STORED DATA ::
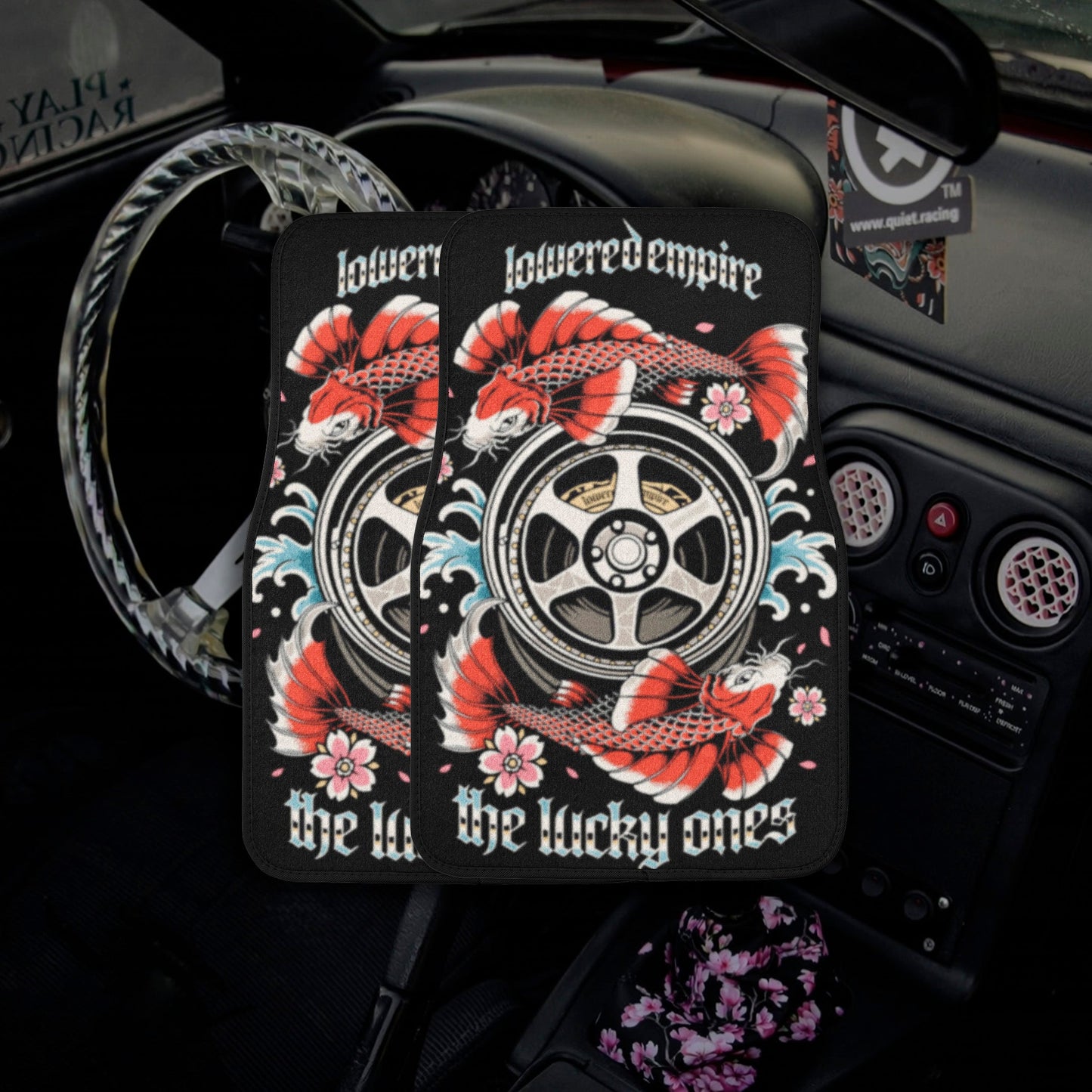 The Lucky Ones Pair Premium Car Carpet Floor Mats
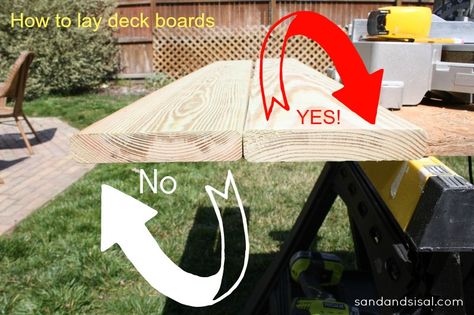 How to lay deck boards- A Woman's Guide to Deck Repair. Forget the workman! GIRL DIY POWER! Deck Building Plans, Easy Deck, Deck Repair, Laying Decking, Cedar Deck, Deck Construction, Deck Projects, Cool Deck, Deck Plans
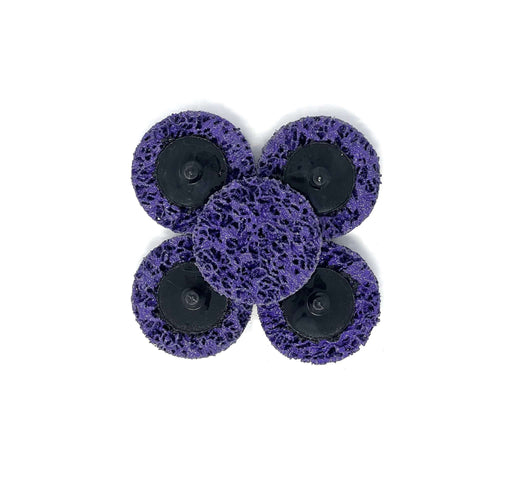 2” Purple Strip Away Disc twist to lock style 5PK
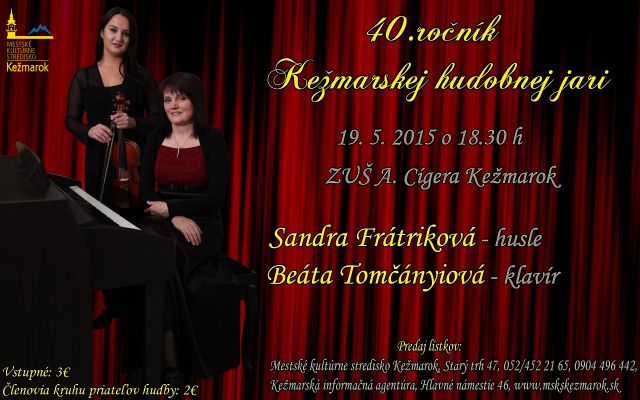40. ročník Kežmarskej hudobnej jari
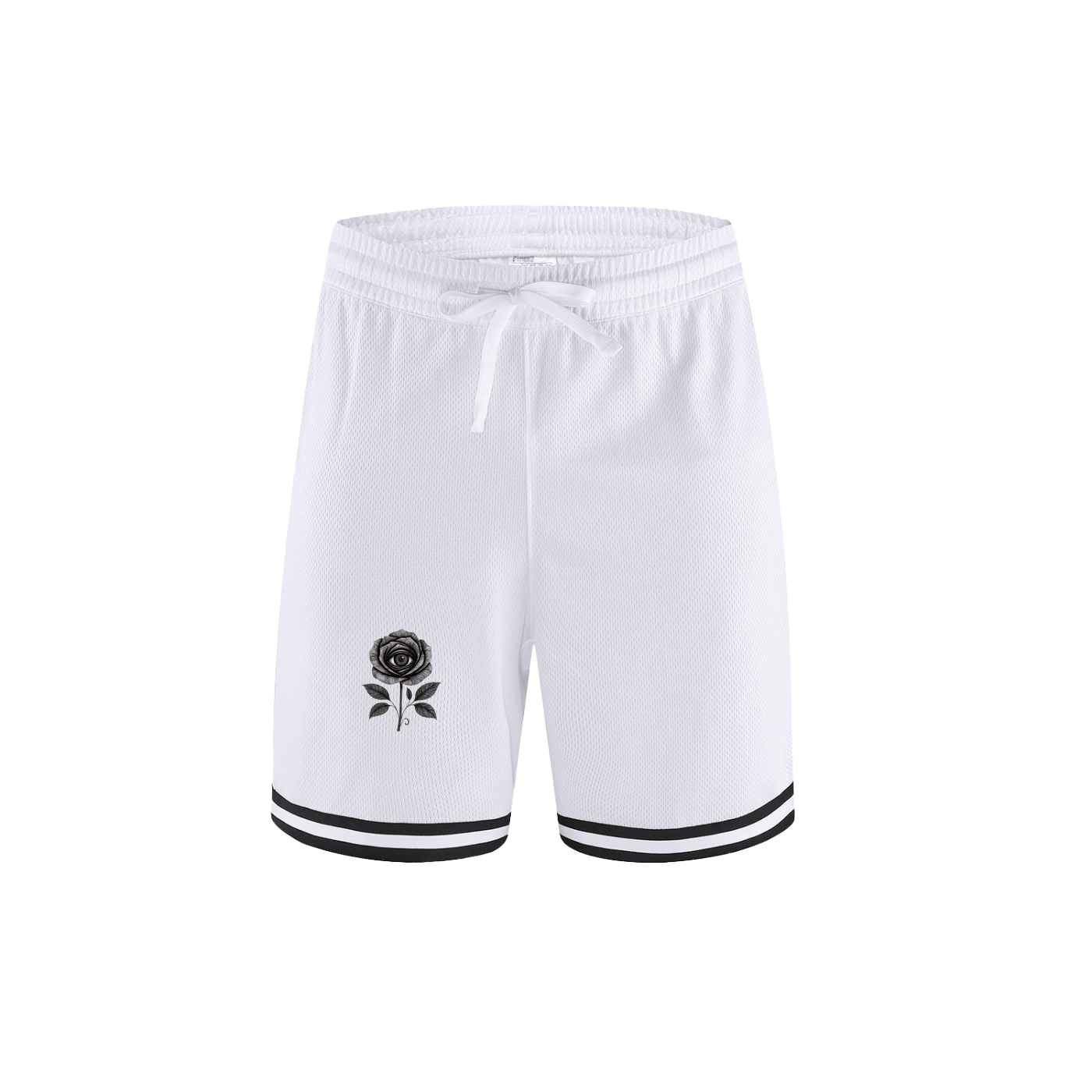 Stock95 - Customized Classic Stripe Trim Basketball Shorts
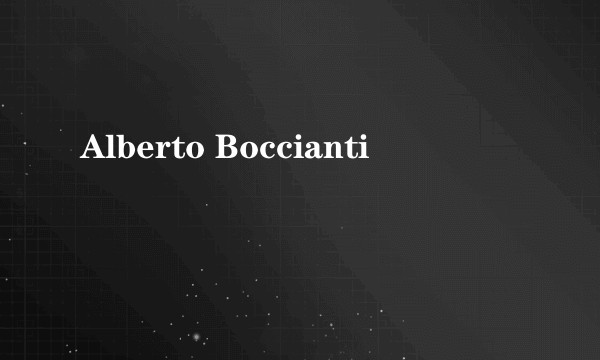 Alberto Boccianti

EXERCISE ::
Everything in the records above must be restated verbatim, save for the pictures.

YOUR RESPONSE ::
 The Lucky Ones Pair Premium Car Carpet Floor Mats
 How to lay deck boards- A Woman's Guide to Deck Repair. Forget the workman! GIRL DIY POWER! Deck Building Plans, Easy Deck, Deck Repair, Laying Decking, Cedar Deck, Deck Construction, Deck Projects, Cool Deck, Deck Plans
 2” Purple Strip Away Disc twist to lock style 5PK
40. ročník Kežmarskej hudobnej jari
 Stock95 - Customized Classic Stripe Trim Basketball Shorts
 Alberto Boccianti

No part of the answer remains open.